President of L'Envoi de le RDC
- Incumbent
- Assumed office July 9, 2021
- Preceded by: Position established

Minister of Planning
- In office March 24, 2006 – October 10, 2006
- President: Joseph Kabila
- Vice President: Jean-Pierre Bemba Azarias Ruberwa Arthur Z'ahidi Ngoma Abdoulaye Yerodia Ndombasi
- Preceded by: Alexis Thambwe Mwamba
- Succeeded by: Olivier Kamitatu Etsu

Personal details
- Born: Delly Sesanga Hipungu Dja Kaseng Kapitu June 26, 1970 (age 56) Kolwezi, Lualaba Province, Zaire
- Relations: Patrice-Aime Sesanga (father)

= Delly Sesanga =

Congolese politician

Delly Sesanga Hipungu Dja Kaseng Kapitu is a Congolese lawyer and deputy in the National Assembly representing Luiza Territory. He was a candidate in the 2023 Democratic Republic of the Congo general election, but withdrew in favor of Moïse Katumbi. He is also the head of political party Envoi de la RDC.

== Biography ==
Sesanga was born on June 26, 1970, in Kolwezi, Lualaba Province, Zaire. He is the son of Patrice-Aime Sesanga, a lawyer and Congolese senator. He holds a doctorate in international security and defense from Grenoble Alpes University. he also holds a masters in business law and corporate taxation from Aix-Marseille University.

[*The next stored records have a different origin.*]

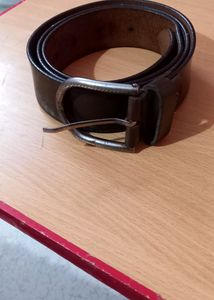 Piyour.leather.bailt.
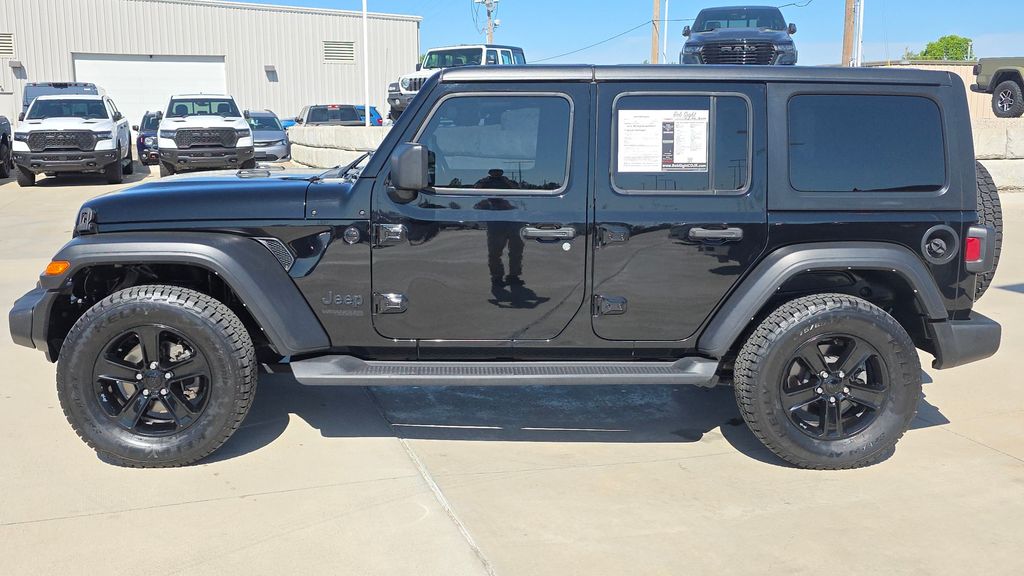 Used 2022 Jeep Wrangler Unlimited Altitude with VIN 1C4HJXDG4NW253925 for sale in Kansas City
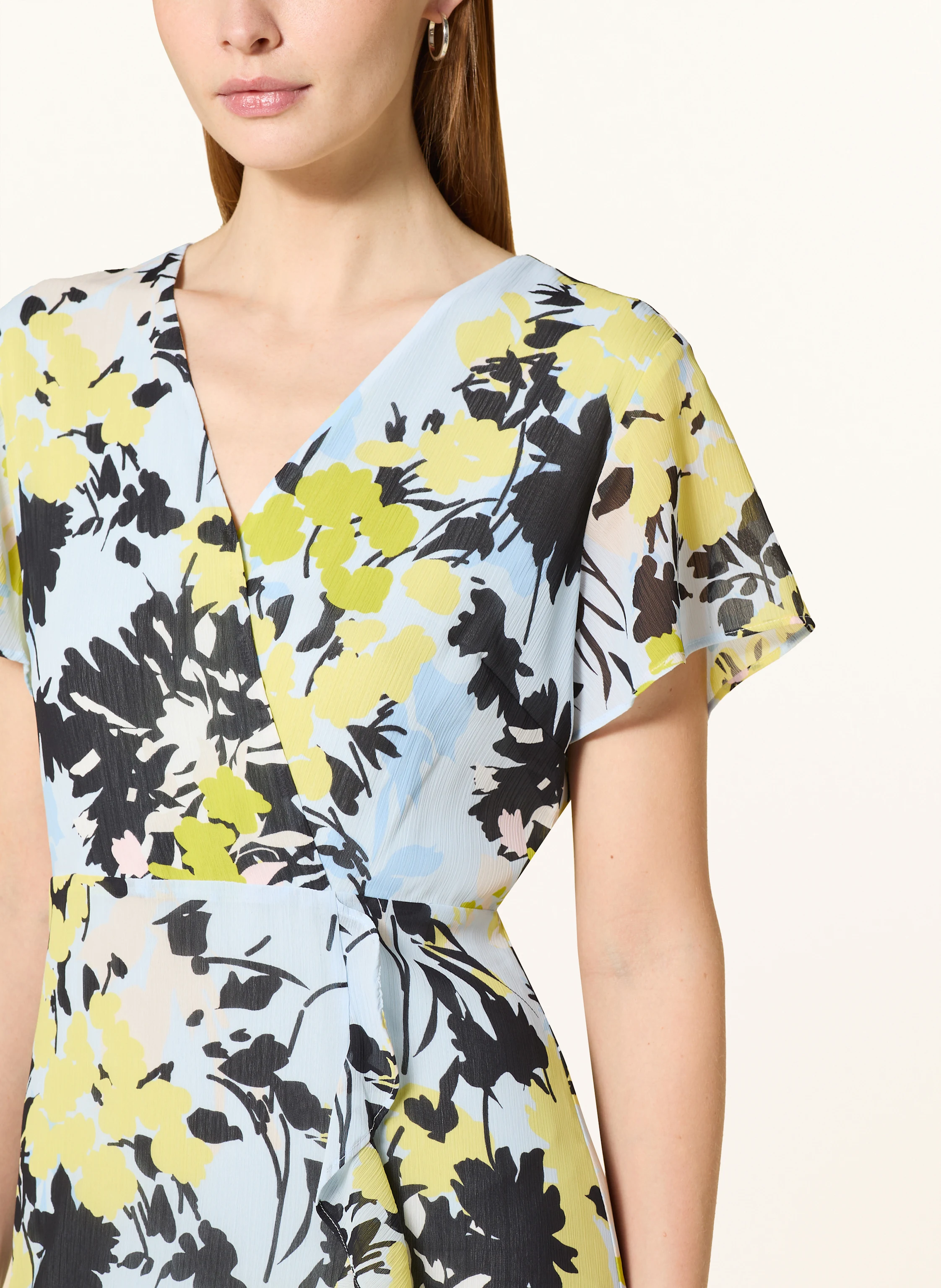comma Kleid in Wickeloptik
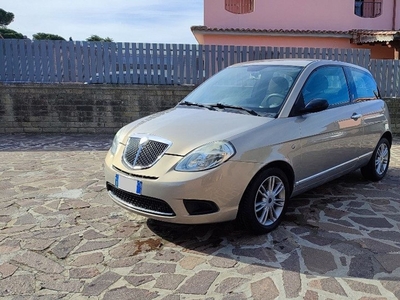 Lancia Ypsilon 1.3 MJT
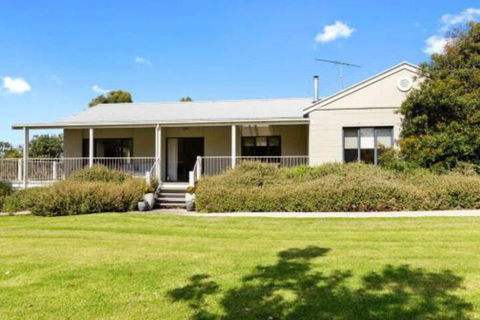 MERMAIDS On MARENGO Large Home With Wifi - Accommodation Perth 4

Sesanga left the Rally for Congolese Democracy (RCD) in the early 2000s, and returned to Paris for a short time. Between March 2003 and March 2006, Sesanga served as the chief of staff to the president of the Movement for the Liberation of the Congo (MLC) and vice-president of the Economy and Finance under Jean-Pierre Bemba. Between March 2006 and October 2006, he succeeded Alexis Thambwe Mwamba as Minister of Planning of the Democratic Republic of the Congo. He left this position after being elected deputy of Luiza Territory in the 2006 Democratic Republic of the Congo elections.

Sesanga was re-elected as a deputy during the 2011 Democratic Republic of the Congo elections, and supported Étienne Tshisekedi during the presidential election that year. In 2016, he was coordinator of the Alliance for the Republic, an alliance of sixteen political parties supporting Moïse Katumbi in the 2016 election. The election was postponed to 2018, and Katumbi was prevented from running. Sesanga pivoted to supporting Félix Tshisekedi instead. Under the Tshisekedi administration, Sesanga and deputies in his Envol party were critical of Tshisekedi, accusing him of a "regression of democracy" in the country.

Sesanga announced his candidacy for the 2023 Democratic Republic of the Congo presidential election in January 2023, but withdrew in December in favor of Moise Katumbi.

== Career within the National Assembly ==
Within the National Assembly, Sesanga led the Political, Administrative, and Legal Commission. He primarily focused on issues targeting administrative issues in the country including decentralization, freedom of demonstration, and judicial reform. He also worked to improve base infrastructure such as roads, education, and healthcare.